When we open wide to God, two things happen. One, we see beauty; we encounter God sightings in beauty. The other is that we see things that make us wonder if God cries. We see things, I think, that bring us to knowing that God cries. When there is cruelty, God cries. When there is suffering, God cries. When the earth is degraded, God cries. When God’s dream of justice, righteousness and peace is violated, God cries. Opening wide to God’s wide open dream means seeing all those places in the world where God’s dream is not yet a reality and having our hearts broken a little, like the heart of God.
The earth is the Lord’s and everything in it, the world and all its inhabitants. God claims Earth and everything in it; God claims World and all who live on it. God emerges in beauty, and in the beauty of justice, righteousness and peace. God cries when God’s dream is violated, when there is pain, when the earth’s inhabitants do not care for each other or for the earth itself. God calls us to open wide to God’s presence in beauty and in the struggle for justice, righteousness and peace. God calls us to open wide and to live wide open with love – to create beauty, to alleviate pain. How is such an open wide open life possible? Because God is always wide open to us. Verses five and six, The Message: God is at their side; with God’s help they make it. This… is what happens to God-seekers, God questers.
Open wide. Live wide open.

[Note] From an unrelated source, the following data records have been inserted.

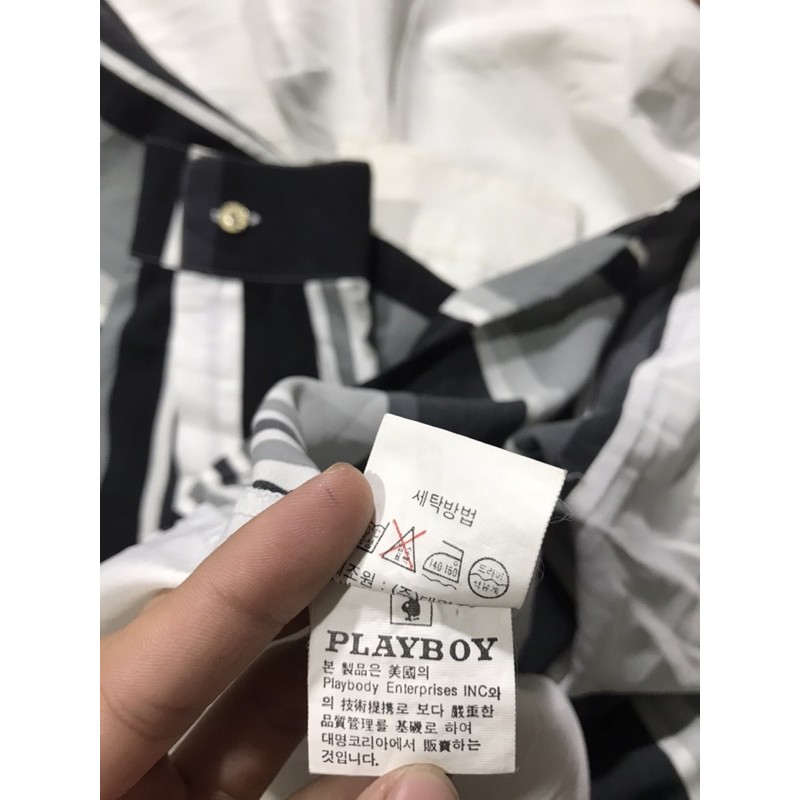 Áo sơ mi dài tay PlayBoy đen trắng size 110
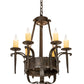 Meyda Lighting Costello 24" 6-Light Chestnut Chandelier With Ivory Faux Candlelight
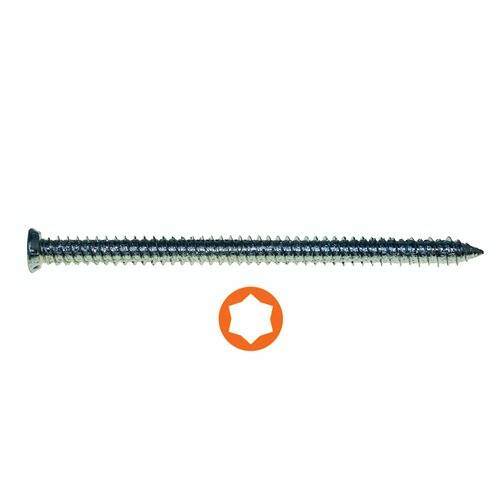 Eine silberfarbene Metallschraube mit sternförmigem Kopf, geeignet für Sternantriebe.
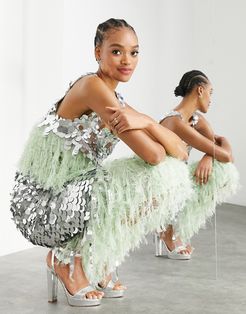 paillette sequin crop top with faux-feather hem in silver and green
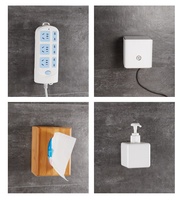 Crochets muraux adhésifs multifonctionnels pour salle de bain et cuisine, autocollants double face sans trace pour le montage de prises et de routeurs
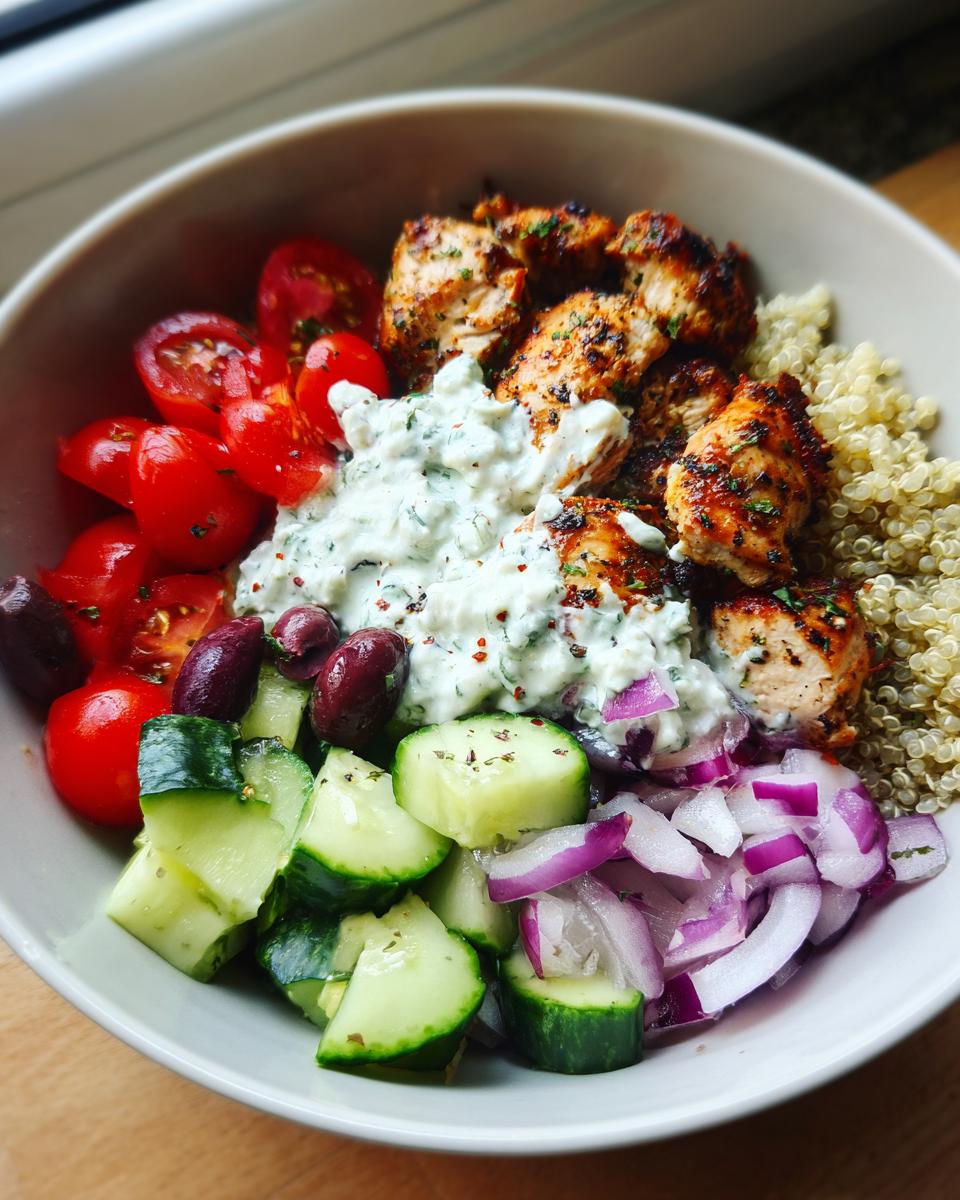 greek chicken tzatziki bowl fresh balanced meal - detail 1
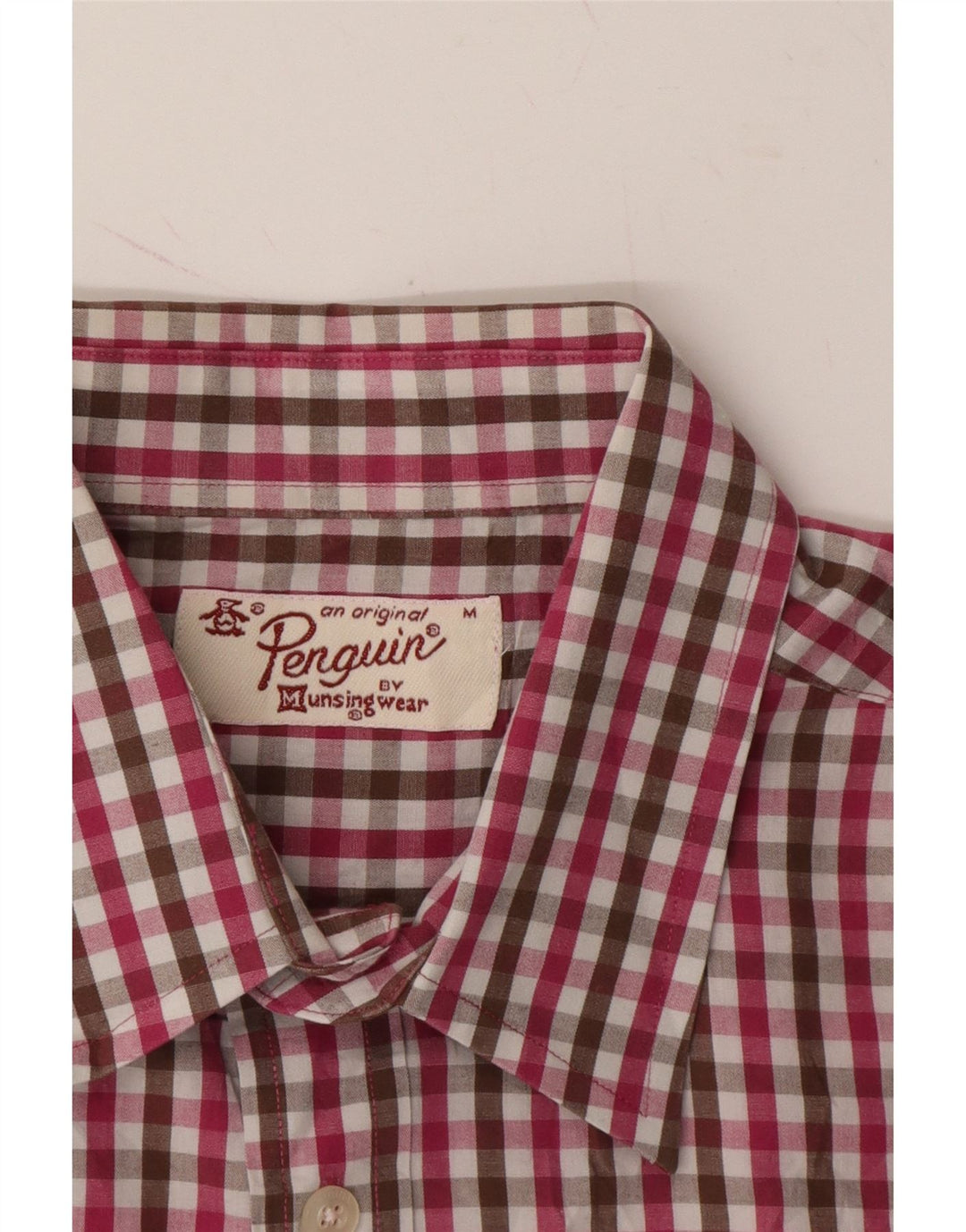 PENGUIN Mens Shirt Medium Pink Check Cotton Vintage Penguin and Second-Hand Penguin from Messina Hembry 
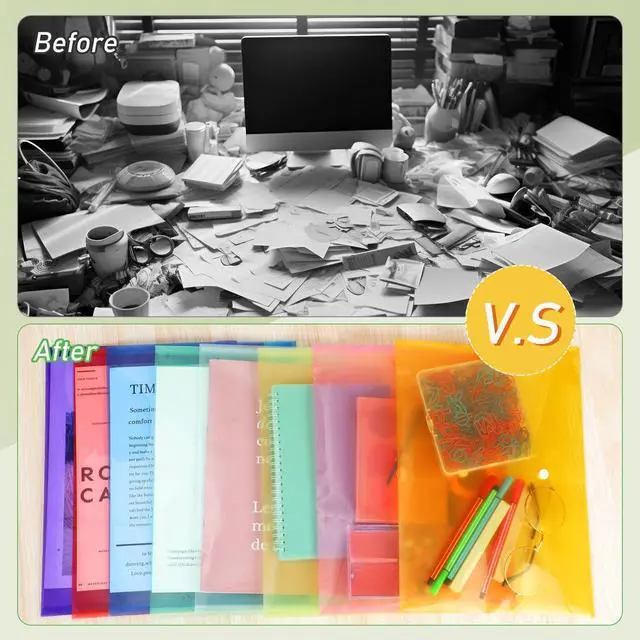 Alt view image 5 of 6 - 200 Pack Plastic Envelopes Clear Poly with Snap Button Closure Colored Document Folders Plastic Envelopes for Home Office School Work Organization Supplies 8 Colors, A4 Size(No Label)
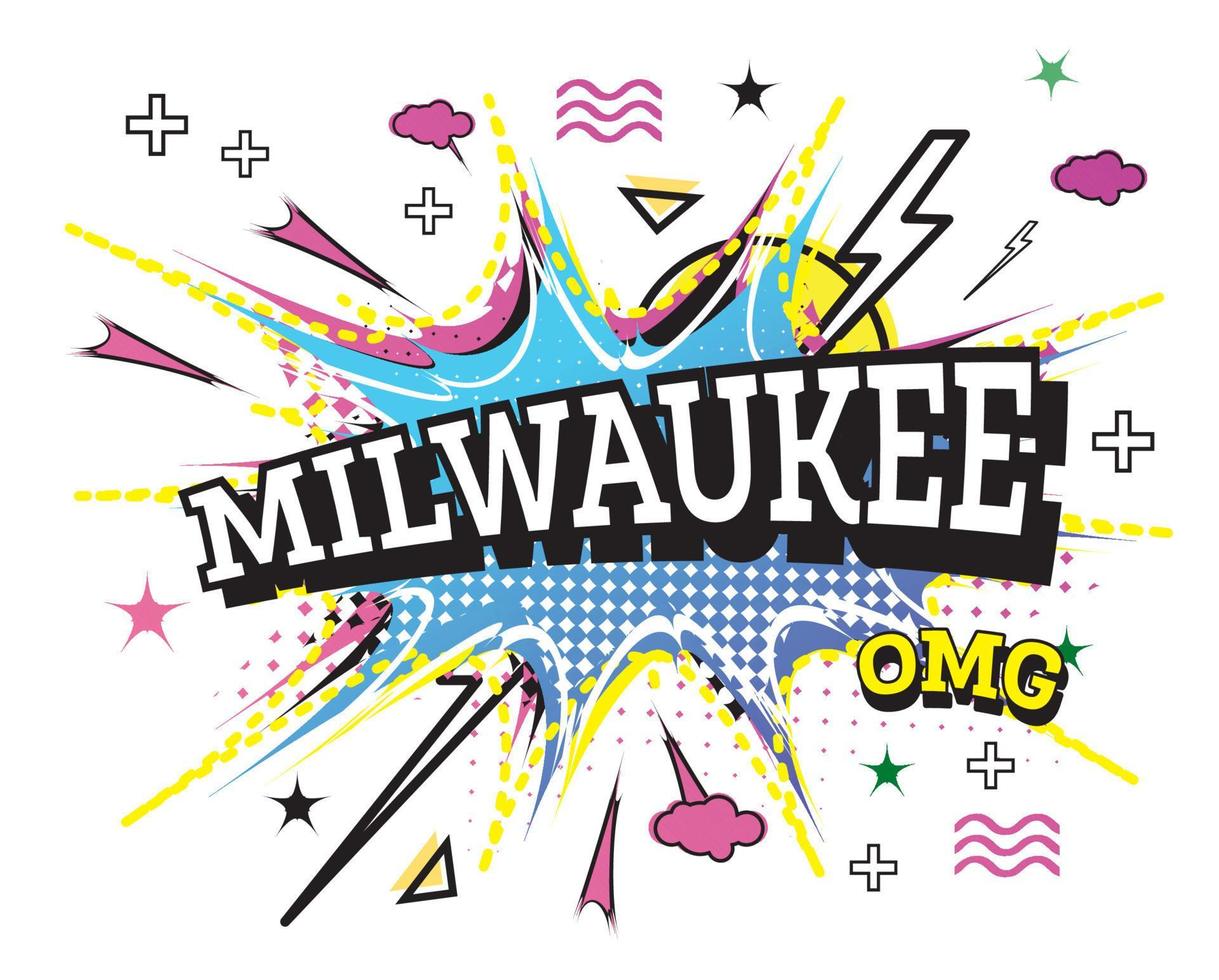 Milwaukee Comic Text in Pop Art Style Isolated on White Background. vector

Amen.


1 comment:

TST said...

I had the pleasure to listen to this sermon in person last week and to read it this Sunday. I was hugely impacted by reading the sermon and listening to the music referenced in it. Somehow in listening to the music, especially John Stewart's "Botswanna", made the message even more meaningful. We seek so much our own beauty, peace, and understanding we sometimes forget our purpose which is not to just seek beauty, justice, peace for our own self but to seek out and be beauty, justice and peace for others. Now as I sit and look at the beauty of the sunrise on a lake (like this morning) I will see the tears in the eyes of others who are struggling today and strive to do my part to bring beauty, justice and peace to someone today. Thank you David for this lesson.